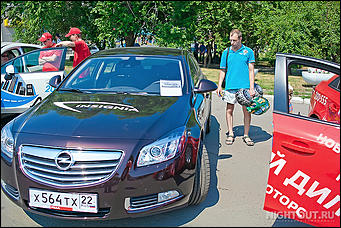 26 июня 2012 г., г. Бийск   Реал-Моторс крупнейший мультибрендовый автосалон в Алтайском крае принял участие в организации дня города Бийска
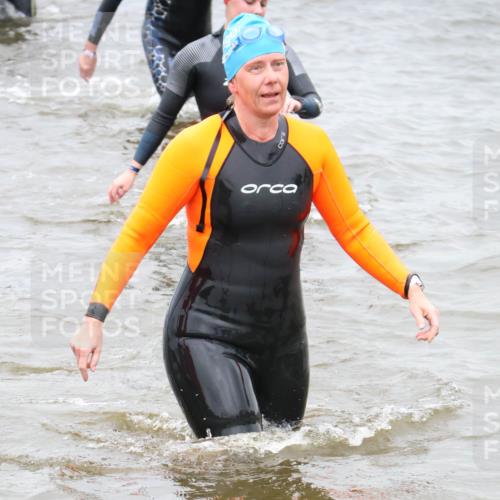 23.06.2024 - Viking Triathlon H.Heesch http://msf.ph/oto/6346043 23.06.2024 10:53:15 Schwimmen 207, 536, 540 meine-sportfotos.de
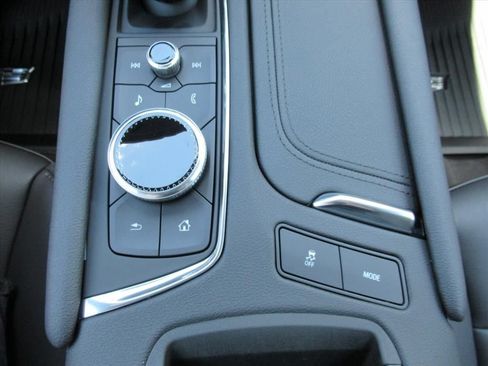 New 2026 Cadillac XT5 Luxury w/ LPO, Floor Liner Package FWD image 22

- - - - - - -

- **Requirement**:
None of the pictures should appear, though every line of the data above must be reproduced exactly.

- **Your solution**:
 26 июня 2012 г., г. Бийск   Реал-Моторс крупнейший мультибрендовый автосалон в Алтайском крае принял участие в организации дня города Бийска
 23.06.2024 - Viking Triathlon H.Heesch http://msf.ph/oto/6346043 23.06.2024 10:53:15 Schwimmen 207, 536, 540 meine-sportfotos.de
 New 2026 Cadillac XT5 Luxury w/ LPO, Floor Liner Package FWD image 22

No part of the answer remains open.